» Activity:
Pictures excluded, set down exactly the lines from the one containing "Opening FINE art & antiques fair 2019" through the final line of the material, and only those.

» Source data:

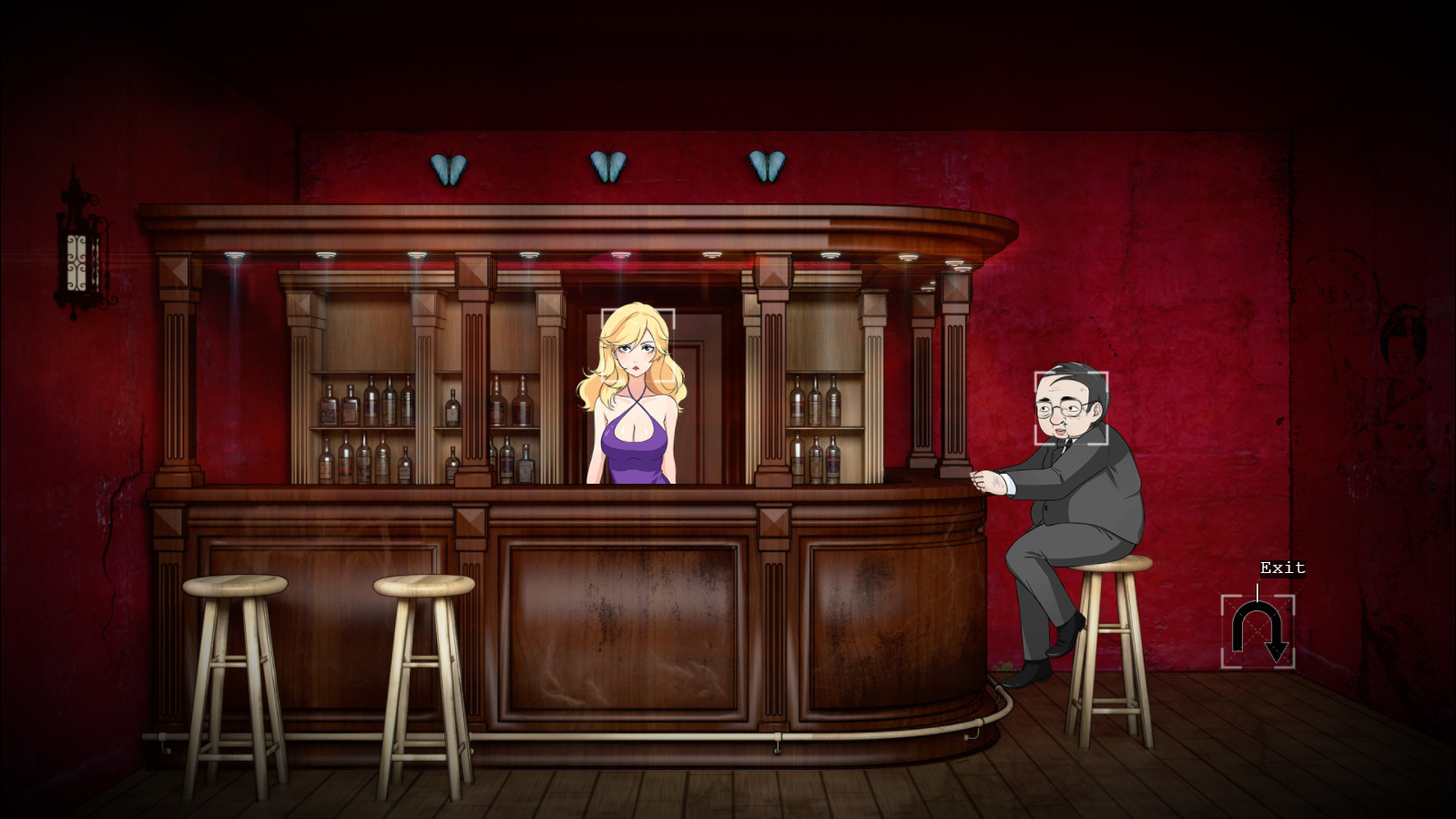 Tokyo Dark Steam CD Key Screenshot 6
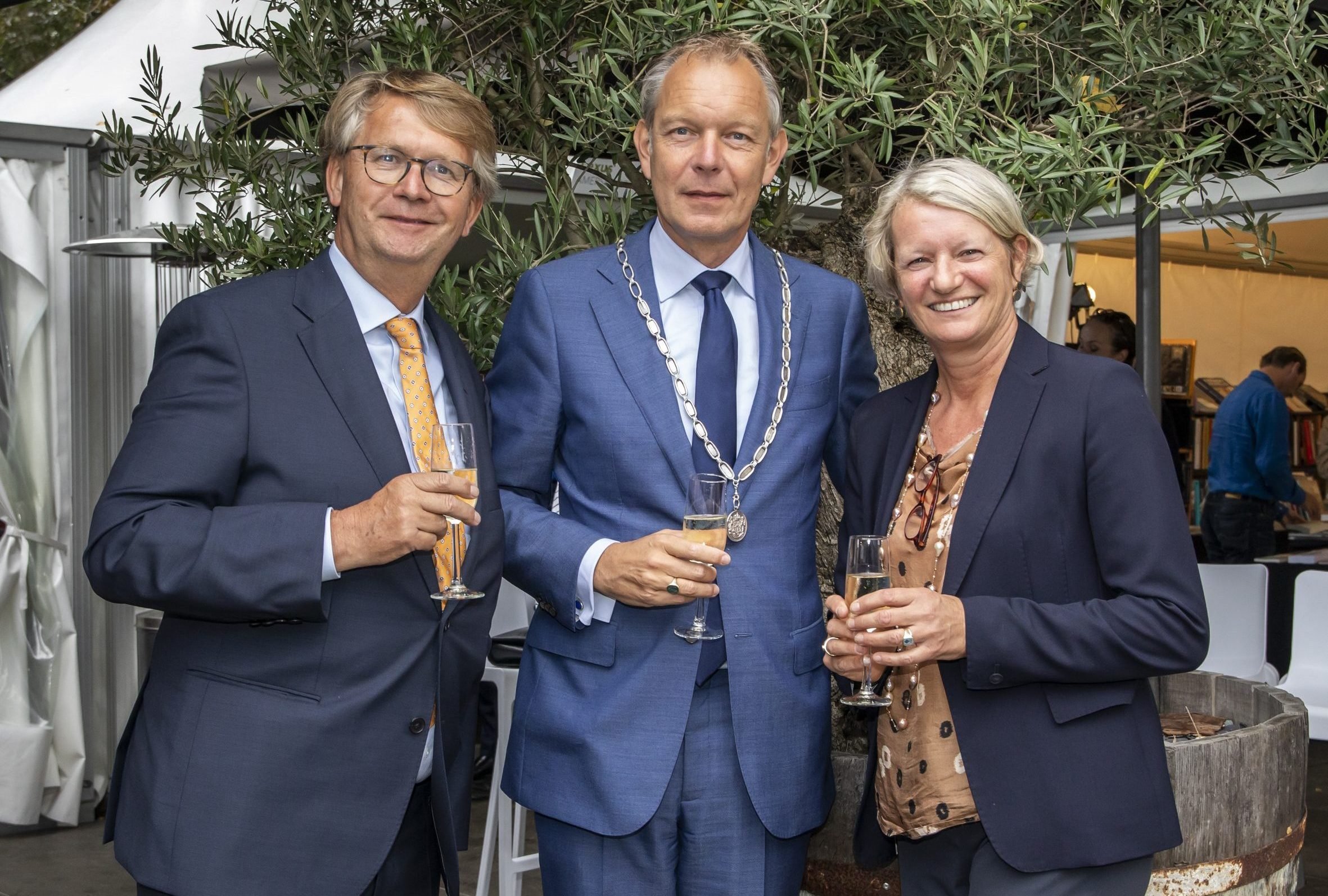 Opening FINE art & antiques fair 2019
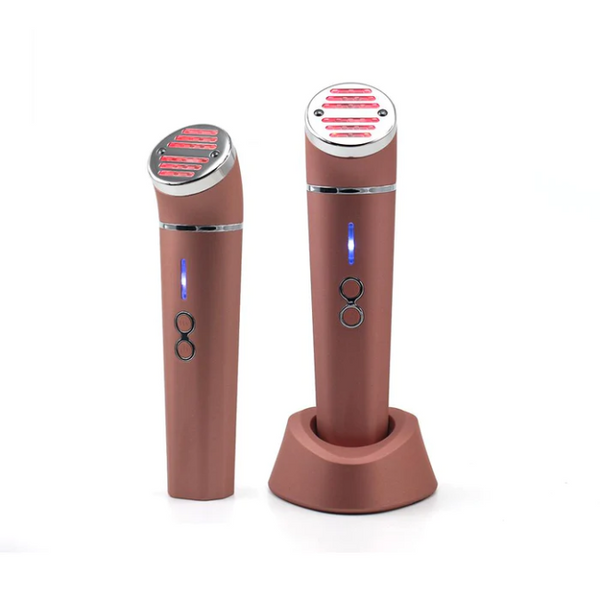 Infrared LED Beauty Face Massager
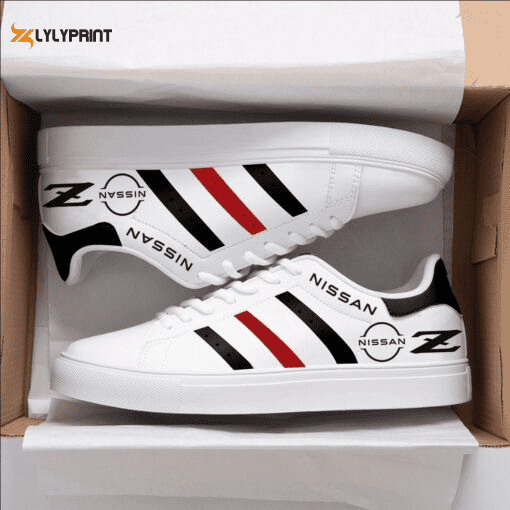 Nissan Z Skate Shoes For Men Women Fans Gift  ST0801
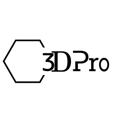 Logo saluran telegram pro3d_apps — 3D Pro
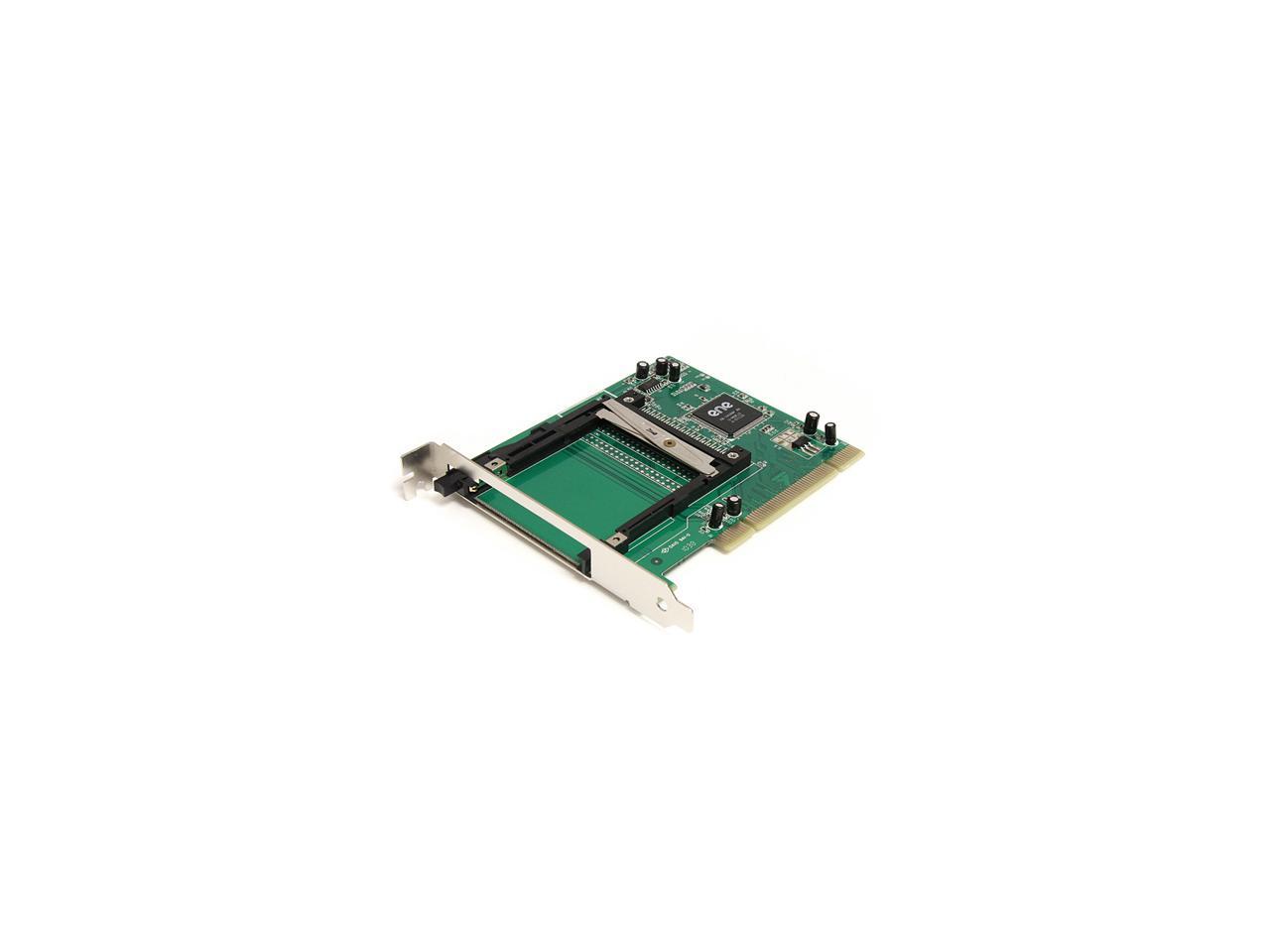 1 Port CardBus/PCMCIA to PCI Adapter Model PCI2PCMCIA1E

» Task response:
 Opening FINE art & antiques fair 2019
 Infrared LED Beauty Face Massager
 Nissan Z Skate Shoes For Men Women Fans Gift  ST0801
 Logo saluran telegram pro3d_apps — 3D Pro
 1 Port CardBus/PCMCIA to PCI Adapter Model PCI2PCMCIA1E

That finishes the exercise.